Si Ana ne l’avait pas rencontrée…Elle avait secoué la tête. Elle ne voulait point y penser.

— Je veux que cela change. « Pourquoi », me demandais-tu ? Pour que pareille injustice ne se reproduise plus jamais. Pour que tu n’aies plus peur de quitter ton cloitre, ni de croiser un homme. Pour qu’aucun homme ne nous écrase impunément, caché derrière les lois. Pour que les massacres, les rapts, les violences de ces dernières semaines restent des ombres de notre Histoire. Je veux que Sveeriagë, merveilleux Sveeriagë, devienne une nation juste, et non point le terrain de jeu d’un pape qui a oublié les préceptes du Très-Haut !

Un éclat brûlant dévorait ses yeux bruns, tant qu’Esther avait un instant omis les contestations qui montaient à ses lèvres.

— Tu pourrais y laisser ta vie…Et celle de Däm Magdala…

— Si cela peut te permettre d’être heureuse et me permettre de me racheter auprès de toutes celles que j’ai laissé périr…Je suis prête à payer ce prix.

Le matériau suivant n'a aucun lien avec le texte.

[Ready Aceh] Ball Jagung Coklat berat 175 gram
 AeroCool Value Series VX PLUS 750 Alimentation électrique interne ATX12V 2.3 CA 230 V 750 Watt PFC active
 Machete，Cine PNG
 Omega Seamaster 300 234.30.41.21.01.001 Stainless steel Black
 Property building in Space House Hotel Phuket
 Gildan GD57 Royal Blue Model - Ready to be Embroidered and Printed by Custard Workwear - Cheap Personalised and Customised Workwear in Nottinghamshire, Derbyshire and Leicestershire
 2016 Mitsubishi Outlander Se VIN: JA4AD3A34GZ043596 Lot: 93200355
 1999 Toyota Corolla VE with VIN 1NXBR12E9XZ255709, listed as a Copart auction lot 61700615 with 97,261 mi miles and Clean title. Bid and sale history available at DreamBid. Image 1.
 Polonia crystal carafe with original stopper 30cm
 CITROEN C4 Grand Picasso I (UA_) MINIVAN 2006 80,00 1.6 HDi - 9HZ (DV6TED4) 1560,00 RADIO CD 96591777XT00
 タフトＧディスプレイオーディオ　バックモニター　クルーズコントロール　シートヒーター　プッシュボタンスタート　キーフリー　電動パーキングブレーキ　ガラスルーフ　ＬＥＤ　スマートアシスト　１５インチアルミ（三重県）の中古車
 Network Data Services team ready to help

— Nous sommes préparées, avait corrigé Magdala en souriant avec assurance, à cette éventualité, miss.

— Vous êtes…

— Folles ? avait ri Marika en rendant à Esther son étreinte puissante et désespérée. Tu devrais le savoir, depuis le couvent.

Un rire étranglé suivi d’un reniflement.

— Idiote…

Marika l’avait serrée plus tendrement encore, le cœur tambourinant de peur. Le regard de Magdala ne lui avait point échappé. Il fallait partir vite. Car si l’on les trouvait là, tout jusqu’à cet instant serait réduit à néant. Et Esther payerait le prix de leur folie. Elle avait mordu sa lèvre, serré plus fort son amie pour la protéger de ce funeste sort.

— Attends-moi, l’avait-elle priée en s’arrachant à ses bras.

La cloche de la cathédrale sonnait la onzième heure à l’instant où elles pénétraient en hâte dans le grand hall de la Maison-Mère et gravissaient les degrés menant aux appartements pontificaux.